*ACTIVITY:* The reply should hold only the lines from the one with "Rexona, stick antitraspirante, Invisible" to the one with "Adapt Single Desk 600mm Deep - White", both ends kept, exactly as they appear below, without any pictures.

*INPUT DATA:*
_ _ _ _

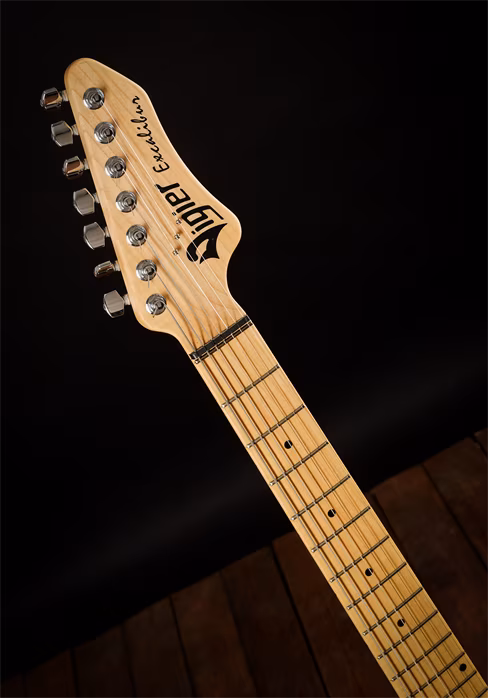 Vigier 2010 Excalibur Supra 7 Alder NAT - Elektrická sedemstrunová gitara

_ _ _ _

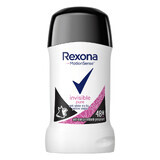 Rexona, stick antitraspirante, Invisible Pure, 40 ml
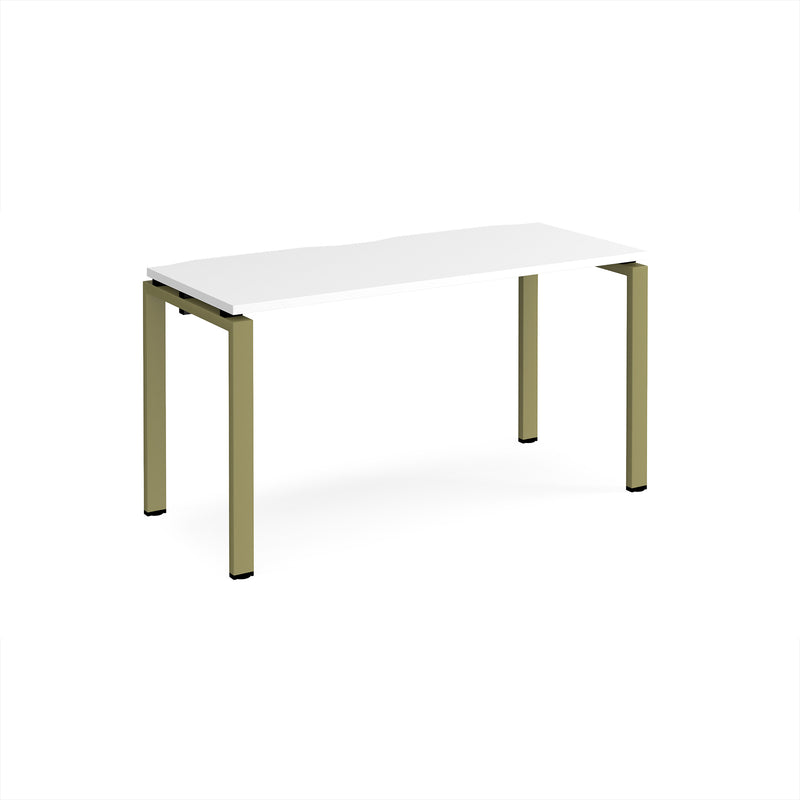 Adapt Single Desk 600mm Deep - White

_ _ _ _

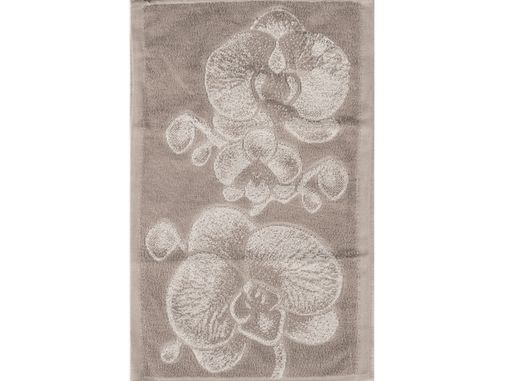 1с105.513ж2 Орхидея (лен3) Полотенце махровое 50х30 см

_ _ _ _

*OUTPUT OF THE EXERCISE:*
 Rexona, stick antitraspirante, Invisible Pure, 40 ml
 Adapt Single Desk 600mm Deep - White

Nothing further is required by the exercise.